Мышь аж подскочила. Она любит простые ответы: или «да», или «нет», а «может быть» считает враньем, вилянием и провокацией.
– Папка, я в тебя сейчас чем-нибудь запущу. Говори быстро, были эльфы или нет!
– Говорю: чтобы точно знать, нужно найти что-то посущественнее каменных ножей. Лучше всего – скелет эльфа, но такие маленькие косточки вряд ли могли сохраниться. А если и сохранились – то кто докажет, что это эльф, а не детеныш обезьяны?
– Значит, надо поймать живого эльфа, и все станет ясно! – нашла выход Мышь.
– Если бы они жили в наше время, то мы бы о них знали, – коротко ответил папа.
Возразить было нечего. Мышь сразу остыла к разговору, повернулась на бок и прижала к груди Веника, готовясь засыпать.
Потолок над перегородкой розовел – это закатное солнце светило в окно Гематогену. На нашей стороне было уже темно. Я спохватился, что давно не слышу старика. Тряпок на повязку он себе нарвал, кипятка налил, сейчас должен плескаться. Эти звуки повторялись на закате как по расписанию – судя по всему, он делал травяные ванночки для руки… После необъяснимо долгой паузы Гематогеша заплескался, и я перестал обращать на него внимание.
Ночью Веник взлаивал и бил лапами, переживая собачьи сны. Я взял его к себе, чтобы пес не разбудил Мышку. Она отлично дышала во сне. Без единого хрипа. Когда мы прилетели, у нее в груди как будто взвизгивала губная гармошка, а теперь Мышкины бронхи совсем очистились. Мне пришло в голову, что многие люди болеют, потому что живут не там, где им нужно. А другие, наоборот, могут носить в себе болезнь и даже не подозревать об этом, потому что живут в подходящем для них месте.

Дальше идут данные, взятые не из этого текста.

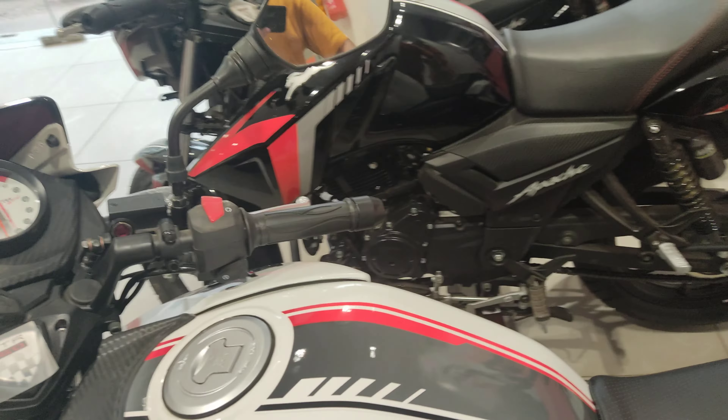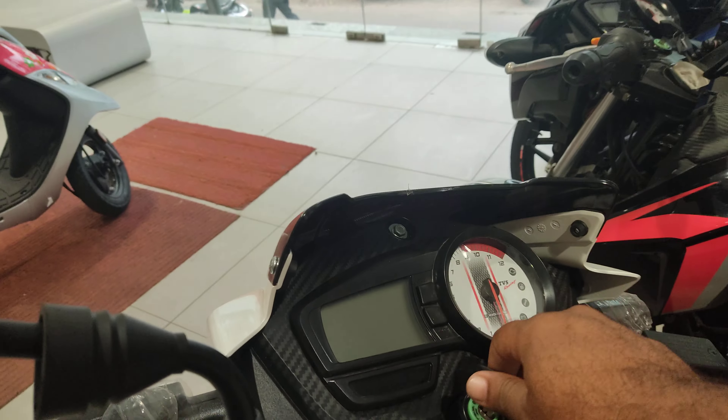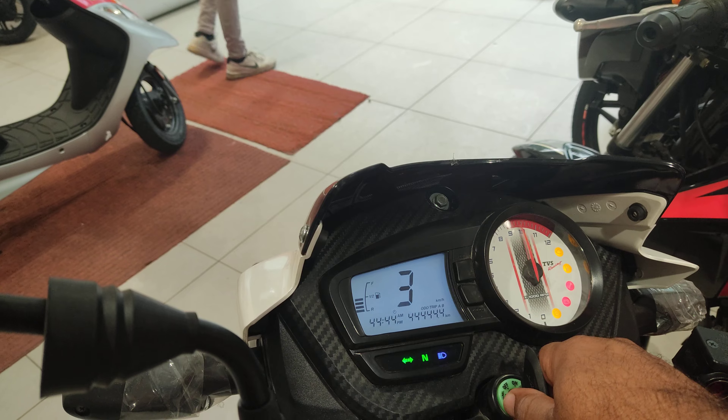What will the price of this on-road? Sir, in double list, A-30, single and A-20. Is this digital? Okay. Digital list.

Веник тявкнул и ударил меня в живот задними лапами. Я погладил его, прогоняя плохой сон, и заснул сам.
Рассвет принадлежал нам вместе с тайгой до Байкала. Как только солнце высовывалось из-за кедров, первый малиновый луч бил мне в глаза. Иногда он был оранжевым, а однажды зеленым. Не знаю, от чего это зависело – погода все время стояла ровная.
Мышь спала под самым окном, чтобы дышать кедровым воздухом, и была в тени. Ее не будило солнце. Я лежал и глядел на потолок из подкопченных досок. Скоро луч доползет до папы, он проснется, возьмет этюдник и уйдет в тайгу. Хотя нет, Гематоген ему не даст. Гематоген возьмет папу за шиворот своей здоровой левой рукой, повесит на него ружье, и они пойдут убивать кого-нибудь съедобного. Хорошо, а то вся наша тушенка испортилась. Два ящика пришлось закопать в тайге, чтобы не разыскали собаки. Кстати, в третьем ящике, который мы подарили Гематогену, не вздулась ни одна банка. Везучий старик. Или мы невезучие?
Я повернулся на бок и увидел оскаленную мордочку Веника. По открытому глазу полз крохотный прозрачный муравей. Пес уже окоченел, его можно было бы поставить на негнущиеся лапы, если бы мне пришла в голову такая глупость.
Глава V. В поисках мертвой собаки
Я закопал Веника под кустом на краю нашей лужайки и решил ничего не говорить Мыши. Пускай думает, что пес убежал. Меня бы такая новость не утешила, а Мышь еще маленькая, в третий класс перешла. У нее останется надежда, что Веник одичал и вольным зверем живет в тайге.
Когда я вернулся, папа на цыпочках бродил по комнате, уже одетый, но босиком. Этюдник стоял у двери. Чтобы смыться от Гематогена, папе оставалось взять галеты и налить воды во флягу. То и другое было проделано с мастерством, которое сделало бы честь любому ниндзя. Целлофановая обертка галет не хрустнула, вода не плеснула. Папа облегченно выдохнул, надел сапоги, повесил этюдник на плечо и распахнул дверь…
На крылечке, дожидаясь постояльца, сидел Гематоген. Минуту назад я там проходил, и его не было. У ног старика свернулась калачиком лайка. Поперек его груди, крест-накрест, как у революционного матроса, висели патронташ и ремень от ружья.
– Яшшик оставь, – неласково сказал старик.
– Я художник, а не убийца, – бледнея, пробормотал папа. – Ну видел я оленя, сто раз видел, он из рук галеты берет. А я после этого буду в него стрелять?!
– Ослабнем без мяса. И ты, и дети твои, и я, – просто объяснил Гематоген. Свою тушенку он до сих пор не трогал. Рука у старика не заживала, а впереди была зима.
– А хотите, я вам пакетиков дам? Суп вермишелевый с курицей? – со слабой надеждой предложил папа.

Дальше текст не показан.